**Instructions to follow:**
Go through the listing below and retype exactly the lines starting at the one with "Bisitariak, Igartubeiti baserriaren" and ending at the one with "More Photos Of", skipping pictures.

**Given data:**
###

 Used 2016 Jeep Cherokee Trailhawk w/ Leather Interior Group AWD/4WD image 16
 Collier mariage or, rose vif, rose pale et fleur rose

###

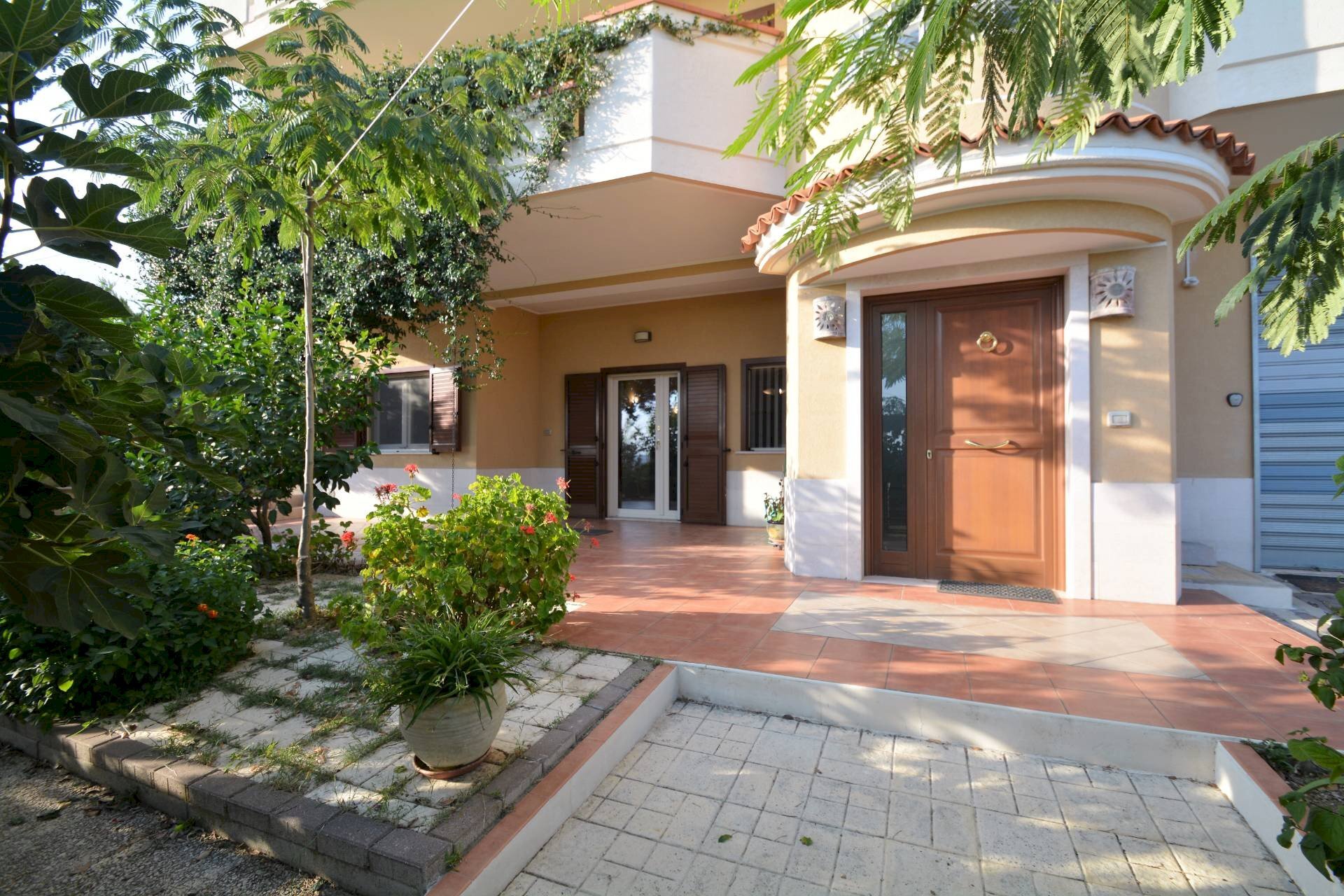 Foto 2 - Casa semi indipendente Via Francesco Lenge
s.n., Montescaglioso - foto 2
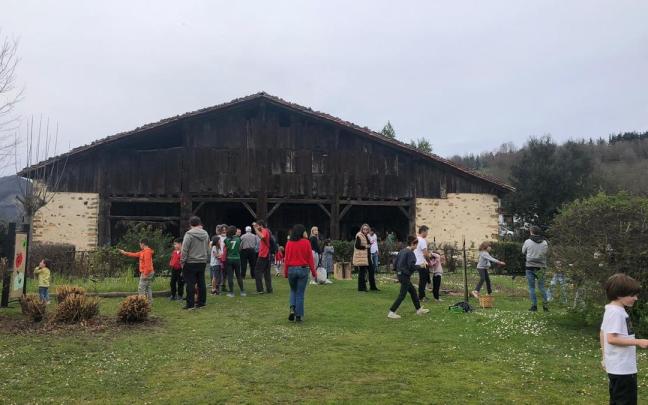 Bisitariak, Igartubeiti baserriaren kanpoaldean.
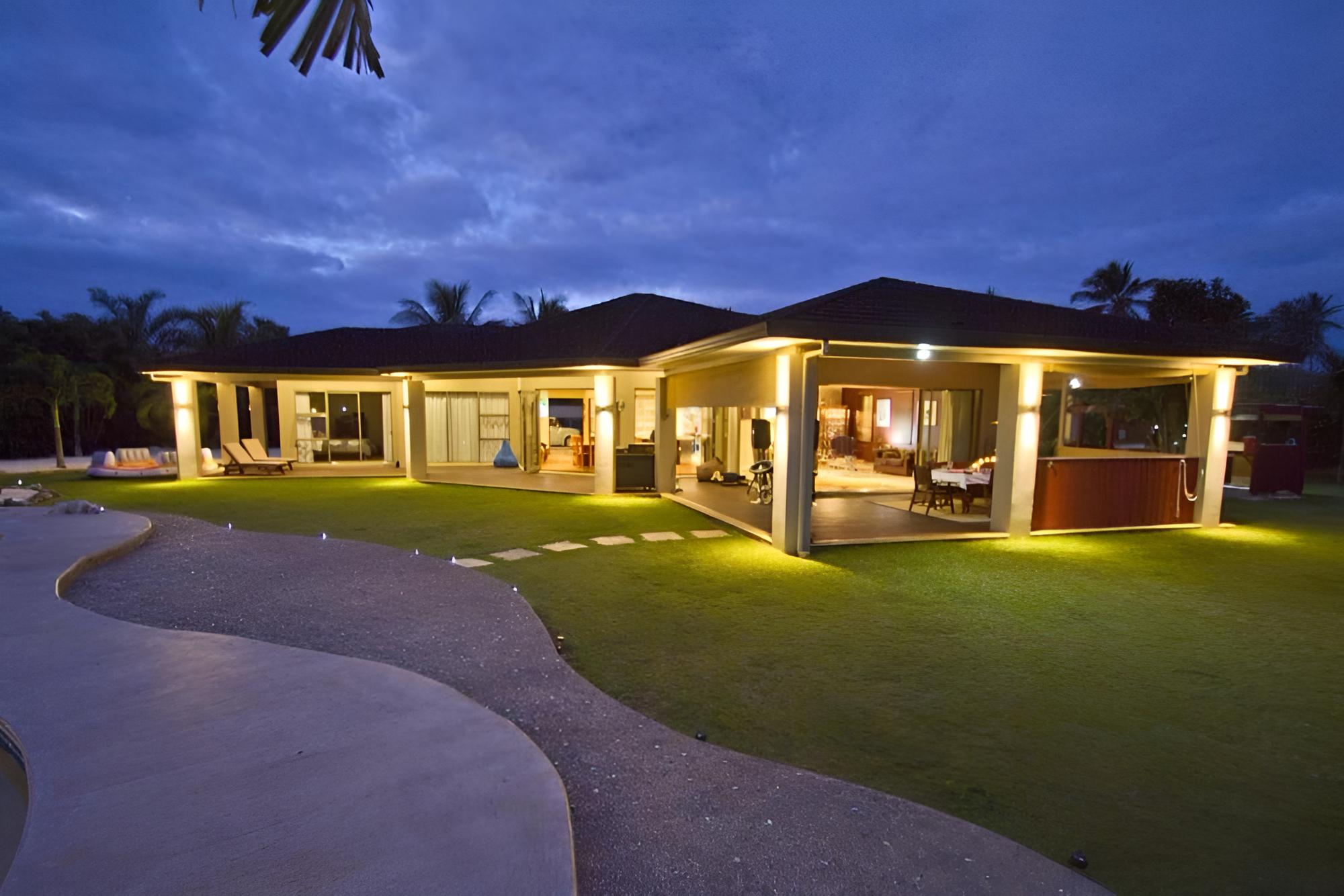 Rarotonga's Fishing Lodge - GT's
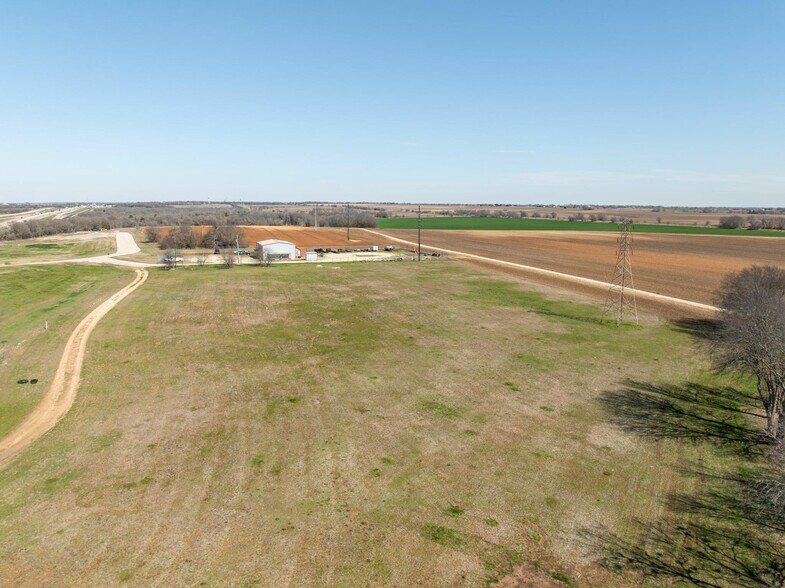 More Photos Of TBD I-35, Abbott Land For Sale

###

**Answer to the exercise:**
 Bisitariak, Igartubeiti baserriaren kanpoaldean.
 Rarotonga's Fishing Lodge - GT's
 More Photos Of TBD I-35, Abbott Land For Sale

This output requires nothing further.